We formulate the network-wide traffic measurement / analysis problem as a series of set-cardinality-determination (SCD) problems. By leveraging recent advances in probabilistic distinct sample counting techniques, the set-cardinalities, and thus, the network-wide traffic measurements of interest can be computed in a distributed manner via the exchange of
extremely light-weight traffic digests (TD's) amongst the network nodes, i.e. the routers. A TD for N packets only requires O(loglog N) bits of memory storage. The computation of such O(loglog N)-sized TD is also amenable for efficient hardware implementation at wire-speed of 10 Gbps and beyond. Given the small size of the TD's, it is possible to distribute
nodal TD's to all routers within
a domain by piggybacking them as opaque
data objects inside existing control messages, such as OSPF link-state packets (LSPs) or I-BGP control messages.
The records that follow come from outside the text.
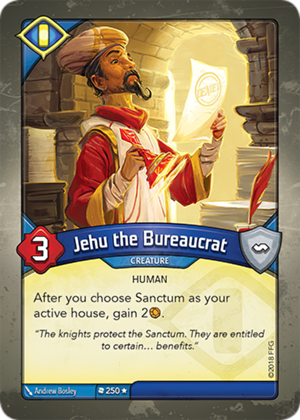 Jehu the Bureaucrat, a KeyForge card illustrated by Andrew Bosley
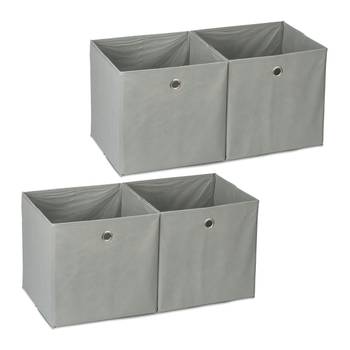 4 x Aufbewahrungsbox Stoff grau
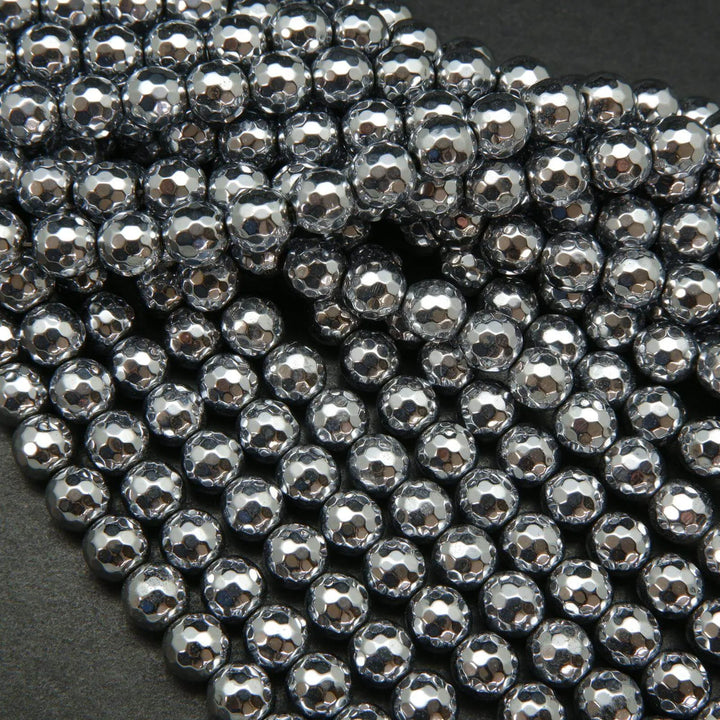 Faceted silver hematite beads.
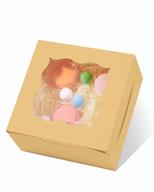 premium camel bakery boxes: 35pcs of thick and sturdy cookie boxes with window perfect for macarons, pastry, and treat boxes 6x6x3 inches logo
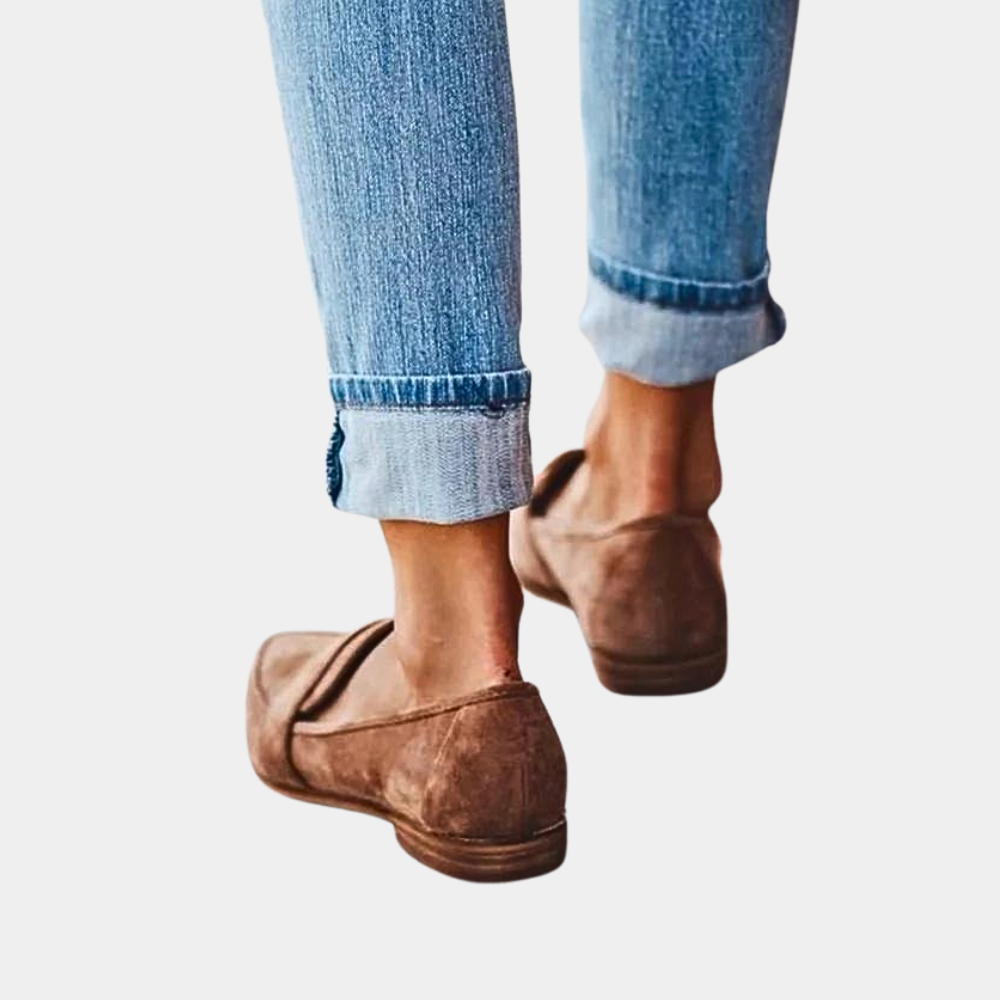 Pointed Toe Loafers in Grey, Khaki, Black & Leopard Print for Effortless Everyday Elegance | Women's Flat Slip-On Shoes for Work & Weekend | Koossa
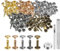 QUARKZMAN 100 Juegos Remaches de Cuero 8mm x 12mm Remaches de Doble Tapa de Metal Broches de Presión Con 3 Herramientas de Instalación para Manualidades Decoración Multicolores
Once the required TD's are received, a
router can estimate the traffic measurements of interest for each of its local link by solving a series of set-cardinality-determination problems. The traffic measurements of interest are typically in form of per-link, per-traffic-aggregate packet counts (or flow counts) where an aggregate is defined by the group of packets sharing the same originating and / or destination nodes (or links) and / or some intermediate nodes (or links). The local measurement results are then distributed within the domain so that each
router can construct a network-wide view of routes / flow patterns of different traffic commodities where a commodity is defined as a group of packets sharing the same
origination and / or termination nodes or links. After the initial network-wide traffic measurements are received, each
router can further reduce the associated measurement /
estimation errors by locally conducting a minimum
square error (MSE) optimization based on network-wide commodity-flow conservation constraints.